Pasta de caña de maíz dio forma a este Cristo, conservado, como una rara reliquia, en un retablo rococó, blanco y dorado, de la iglesia de Santo Domingo. De una anatomía algo esquemática, sólo la pronunciada caída lateral de la cabeza rompe la rigidez con que fue modelado, por manos indígenas, en el México del siglo XVI. Su peso liviano hizo ideal este tipo de crucificados para las incipientes procesiones penitenciales del quinientos. Estudiado por Manuel Romero y restaurado por Paz Barbero recientemente, constituye un valioso testigo de toda una época, muy distante, en tantos sentidos, de la actual.
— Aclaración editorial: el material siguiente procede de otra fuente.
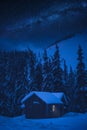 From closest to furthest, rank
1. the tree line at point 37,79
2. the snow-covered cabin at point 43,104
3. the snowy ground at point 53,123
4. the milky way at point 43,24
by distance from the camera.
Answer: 1. the snowy ground at point 53,123
2. the snow-covered cabin at point 43,104
3. the tree line at point 37,79
4. the milky way at point 43,24

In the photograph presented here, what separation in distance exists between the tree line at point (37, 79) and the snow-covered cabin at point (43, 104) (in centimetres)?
11

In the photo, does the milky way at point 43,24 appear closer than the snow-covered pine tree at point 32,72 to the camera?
No

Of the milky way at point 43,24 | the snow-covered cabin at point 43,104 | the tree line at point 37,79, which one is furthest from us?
the milky way at point 43,24

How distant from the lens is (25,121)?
5.92 metres

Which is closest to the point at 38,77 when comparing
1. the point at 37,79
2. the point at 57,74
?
the point at 37,79

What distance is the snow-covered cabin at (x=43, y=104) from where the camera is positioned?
5.96 meters

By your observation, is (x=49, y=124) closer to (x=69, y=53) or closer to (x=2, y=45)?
(x=69, y=53)

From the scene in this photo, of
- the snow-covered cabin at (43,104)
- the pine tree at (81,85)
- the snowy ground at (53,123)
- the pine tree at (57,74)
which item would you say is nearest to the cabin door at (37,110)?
the snow-covered cabin at (43,104)

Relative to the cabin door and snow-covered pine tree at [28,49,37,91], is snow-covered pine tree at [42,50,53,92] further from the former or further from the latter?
the cabin door

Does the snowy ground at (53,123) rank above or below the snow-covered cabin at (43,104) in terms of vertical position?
below

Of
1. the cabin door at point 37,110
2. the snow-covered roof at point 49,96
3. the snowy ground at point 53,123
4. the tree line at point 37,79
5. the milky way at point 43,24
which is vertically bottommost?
Answer: the snowy ground at point 53,123

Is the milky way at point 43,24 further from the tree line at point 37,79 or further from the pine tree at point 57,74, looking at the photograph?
the pine tree at point 57,74

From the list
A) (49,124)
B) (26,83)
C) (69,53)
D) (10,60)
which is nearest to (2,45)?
(10,60)

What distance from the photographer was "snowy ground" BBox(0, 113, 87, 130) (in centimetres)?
581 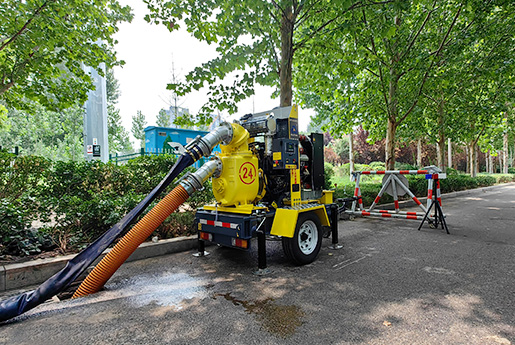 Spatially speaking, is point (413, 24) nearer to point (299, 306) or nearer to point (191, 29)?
point (191, 29)

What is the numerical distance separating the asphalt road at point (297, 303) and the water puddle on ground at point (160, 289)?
0.01 m

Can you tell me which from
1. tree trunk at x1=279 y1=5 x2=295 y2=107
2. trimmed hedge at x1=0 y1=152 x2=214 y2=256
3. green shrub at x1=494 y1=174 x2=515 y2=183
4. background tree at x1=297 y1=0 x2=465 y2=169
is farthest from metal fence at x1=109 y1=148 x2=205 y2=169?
green shrub at x1=494 y1=174 x2=515 y2=183

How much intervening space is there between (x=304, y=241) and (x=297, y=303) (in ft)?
5.35

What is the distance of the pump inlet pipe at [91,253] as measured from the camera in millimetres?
2932

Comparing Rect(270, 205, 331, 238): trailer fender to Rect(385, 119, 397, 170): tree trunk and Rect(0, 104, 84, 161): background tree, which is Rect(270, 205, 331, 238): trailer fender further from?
Rect(0, 104, 84, 161): background tree

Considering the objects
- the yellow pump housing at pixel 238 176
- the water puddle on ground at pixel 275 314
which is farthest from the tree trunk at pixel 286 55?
the water puddle on ground at pixel 275 314

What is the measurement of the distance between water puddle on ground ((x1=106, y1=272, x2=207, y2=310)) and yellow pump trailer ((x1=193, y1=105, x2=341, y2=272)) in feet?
2.57

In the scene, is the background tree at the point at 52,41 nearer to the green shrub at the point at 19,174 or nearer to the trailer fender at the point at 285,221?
the green shrub at the point at 19,174

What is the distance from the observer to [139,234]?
3.78 metres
En la víspera de la entrada de la cuaresma retomamos, un año más, el repaso por la imaginería pasionista no procesional. En este ocasión, llamaremos la atención sobre determinadas esculturas que en otro tiempo tuvieron una notable presencia en nuestras calles hasta que la posterior evolución de la Semana Santa las terminó recluyendo en el interior de los templos.
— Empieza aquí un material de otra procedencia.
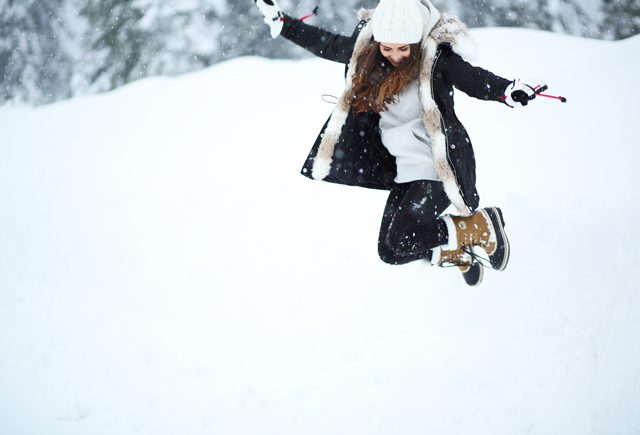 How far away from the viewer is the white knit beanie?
1.89 metres

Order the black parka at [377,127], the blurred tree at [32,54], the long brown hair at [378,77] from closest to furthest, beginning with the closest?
the black parka at [377,127] < the long brown hair at [378,77] < the blurred tree at [32,54]

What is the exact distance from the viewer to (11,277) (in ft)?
13.1

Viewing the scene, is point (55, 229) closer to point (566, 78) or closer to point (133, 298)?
point (133, 298)

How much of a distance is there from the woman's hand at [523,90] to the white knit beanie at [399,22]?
0.50m

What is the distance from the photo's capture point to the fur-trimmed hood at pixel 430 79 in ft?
6.26

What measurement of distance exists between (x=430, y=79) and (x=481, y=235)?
3.03ft

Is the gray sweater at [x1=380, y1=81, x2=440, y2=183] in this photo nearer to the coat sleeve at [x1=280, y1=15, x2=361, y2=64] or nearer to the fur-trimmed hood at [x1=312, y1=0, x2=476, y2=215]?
the fur-trimmed hood at [x1=312, y1=0, x2=476, y2=215]

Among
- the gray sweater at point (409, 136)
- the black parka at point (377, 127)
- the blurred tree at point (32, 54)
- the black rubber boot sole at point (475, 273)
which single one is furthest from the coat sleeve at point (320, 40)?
the blurred tree at point (32, 54)

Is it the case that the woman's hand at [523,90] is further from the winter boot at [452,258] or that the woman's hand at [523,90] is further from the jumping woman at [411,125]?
the winter boot at [452,258]

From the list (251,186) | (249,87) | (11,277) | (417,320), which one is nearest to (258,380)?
(417,320)

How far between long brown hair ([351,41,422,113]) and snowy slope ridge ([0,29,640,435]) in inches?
59.3

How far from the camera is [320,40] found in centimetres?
226

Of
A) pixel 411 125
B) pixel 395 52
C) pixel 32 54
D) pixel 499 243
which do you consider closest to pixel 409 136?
pixel 411 125

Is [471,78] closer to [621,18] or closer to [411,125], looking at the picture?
[411,125] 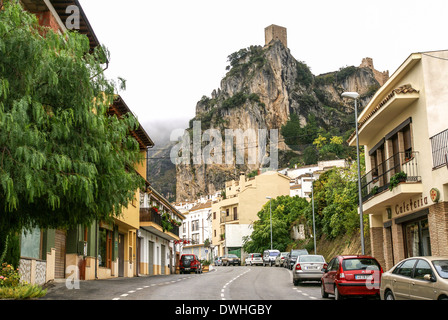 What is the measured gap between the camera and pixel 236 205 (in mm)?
87625

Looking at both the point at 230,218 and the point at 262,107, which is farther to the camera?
the point at 262,107

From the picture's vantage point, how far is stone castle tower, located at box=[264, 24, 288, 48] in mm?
155625

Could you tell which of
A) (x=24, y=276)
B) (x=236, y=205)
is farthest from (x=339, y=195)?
(x=236, y=205)

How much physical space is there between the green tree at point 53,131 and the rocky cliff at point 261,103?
395 feet

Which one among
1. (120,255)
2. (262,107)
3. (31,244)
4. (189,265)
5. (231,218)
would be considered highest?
(262,107)

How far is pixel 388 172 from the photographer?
946 inches

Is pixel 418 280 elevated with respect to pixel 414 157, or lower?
lower

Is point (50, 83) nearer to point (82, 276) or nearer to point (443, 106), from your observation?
point (443, 106)

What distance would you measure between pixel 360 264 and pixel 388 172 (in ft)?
28.2

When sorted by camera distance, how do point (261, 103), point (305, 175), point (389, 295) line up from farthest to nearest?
point (261, 103), point (305, 175), point (389, 295)

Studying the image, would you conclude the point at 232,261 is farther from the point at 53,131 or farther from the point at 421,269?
the point at 53,131

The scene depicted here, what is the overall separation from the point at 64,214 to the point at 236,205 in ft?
246

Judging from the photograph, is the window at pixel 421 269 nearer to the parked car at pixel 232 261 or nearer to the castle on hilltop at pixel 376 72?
the parked car at pixel 232 261

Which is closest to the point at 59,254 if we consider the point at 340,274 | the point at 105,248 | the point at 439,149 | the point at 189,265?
the point at 105,248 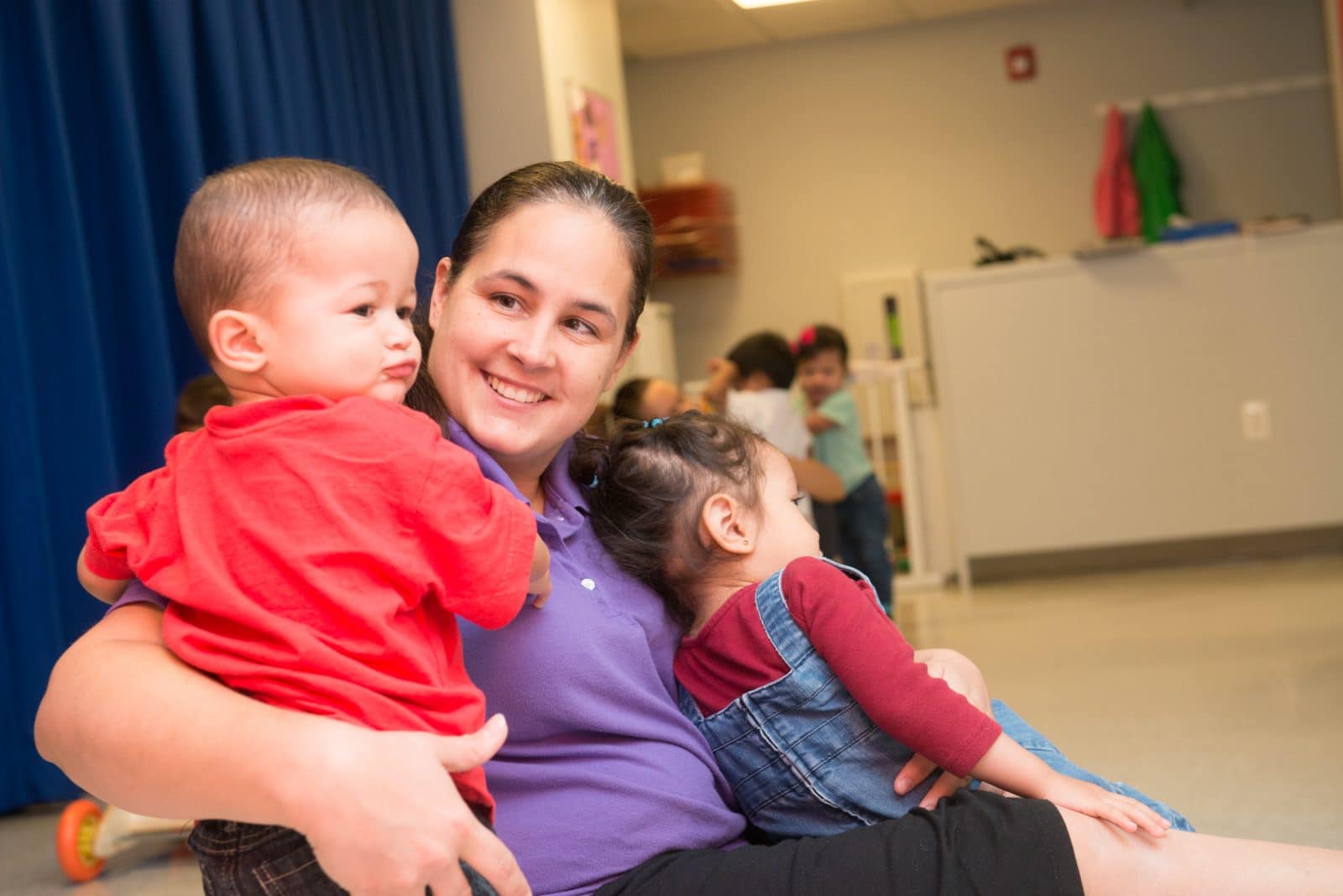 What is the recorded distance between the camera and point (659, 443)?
1441mm

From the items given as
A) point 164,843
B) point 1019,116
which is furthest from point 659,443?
point 1019,116

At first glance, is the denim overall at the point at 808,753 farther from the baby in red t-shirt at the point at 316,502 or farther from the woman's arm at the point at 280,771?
the woman's arm at the point at 280,771

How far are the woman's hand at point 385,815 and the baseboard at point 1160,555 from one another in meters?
5.31

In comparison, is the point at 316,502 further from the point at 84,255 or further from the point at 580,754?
the point at 84,255

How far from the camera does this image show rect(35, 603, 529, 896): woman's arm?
2.51 feet

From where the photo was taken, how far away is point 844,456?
4.65 m

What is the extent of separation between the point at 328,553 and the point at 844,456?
3888 mm

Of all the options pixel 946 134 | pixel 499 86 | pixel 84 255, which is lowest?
pixel 84 255

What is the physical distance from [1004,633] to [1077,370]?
156 centimetres

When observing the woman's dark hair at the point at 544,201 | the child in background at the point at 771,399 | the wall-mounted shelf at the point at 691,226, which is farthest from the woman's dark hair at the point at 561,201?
the wall-mounted shelf at the point at 691,226

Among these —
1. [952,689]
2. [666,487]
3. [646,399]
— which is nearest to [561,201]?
[666,487]

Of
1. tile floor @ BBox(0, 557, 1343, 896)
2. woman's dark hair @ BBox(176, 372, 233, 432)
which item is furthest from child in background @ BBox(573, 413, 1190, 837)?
woman's dark hair @ BBox(176, 372, 233, 432)

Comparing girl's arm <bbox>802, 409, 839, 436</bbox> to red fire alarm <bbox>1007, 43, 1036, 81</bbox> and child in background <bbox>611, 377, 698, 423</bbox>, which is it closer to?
child in background <bbox>611, 377, 698, 423</bbox>

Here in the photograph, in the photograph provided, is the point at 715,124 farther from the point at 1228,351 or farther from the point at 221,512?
the point at 221,512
De las cuatro obras que conformarán esta variopinta colección, el crucificado mexicano de los dominicos es la única que no pertenece hoy a una hermandad. Incluso hay que reconocer su original uso procesional como una hipótesis. Eso sí, muy sugerente. En este sentido, Romero Bejarano propone que pudiera corresponderse con un documentado Cristo procedente "de Indias" que adquiere una extinta hermandad, la de San Benito, en 1588 y que pudo acabar en Santo Domingo tras la extinción de su cofradía varias décadas después. Una teoría nada desdeñable, como tampoco lo sería que hubiera sido propiedad de otra hermandad perdida y con sede en esta iglesia por entonces, la de los negros. Pero, al margen de disquisiciones, la persistencia renovada de este Cristo de la Salud sigue manteniendo la memoria, por fortuna, de una exótica manera de concebir la escultura religiosa.